§ Aim of the task: At the line with "Apartament 3 camere | | Complex Galaxy - 12", start repeating the data, and continue line by line through the final line, exactly.

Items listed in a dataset
====
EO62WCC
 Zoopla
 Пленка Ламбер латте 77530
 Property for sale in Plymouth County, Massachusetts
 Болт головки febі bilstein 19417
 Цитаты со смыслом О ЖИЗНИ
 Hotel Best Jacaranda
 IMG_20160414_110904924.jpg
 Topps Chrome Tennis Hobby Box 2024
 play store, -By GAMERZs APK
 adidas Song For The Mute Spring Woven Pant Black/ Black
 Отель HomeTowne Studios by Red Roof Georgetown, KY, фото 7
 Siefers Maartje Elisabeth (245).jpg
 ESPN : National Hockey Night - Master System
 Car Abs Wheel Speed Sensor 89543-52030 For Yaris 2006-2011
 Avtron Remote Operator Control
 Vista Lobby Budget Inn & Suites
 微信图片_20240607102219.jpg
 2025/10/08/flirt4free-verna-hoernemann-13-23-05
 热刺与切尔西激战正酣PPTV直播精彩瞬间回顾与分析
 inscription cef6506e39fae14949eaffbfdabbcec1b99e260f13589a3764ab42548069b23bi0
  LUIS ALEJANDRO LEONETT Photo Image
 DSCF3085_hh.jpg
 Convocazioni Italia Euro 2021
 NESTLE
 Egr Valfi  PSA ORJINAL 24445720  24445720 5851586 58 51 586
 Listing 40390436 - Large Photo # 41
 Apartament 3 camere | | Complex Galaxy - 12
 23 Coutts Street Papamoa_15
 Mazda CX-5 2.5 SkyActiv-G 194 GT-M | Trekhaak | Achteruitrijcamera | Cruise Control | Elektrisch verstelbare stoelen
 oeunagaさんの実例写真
====
§ Reply:
 Apartament 3 camere | | Complex Galaxy - 12
 23 Coutts Street Papamoa_15
 Mazda CX-5 2.5 SkyActiv-G 194 GT-M | Trekhaak | Achteruitrijcamera | Cruise Control | Elektrisch verstelbare stoelen
 oeunagaさんの実例写真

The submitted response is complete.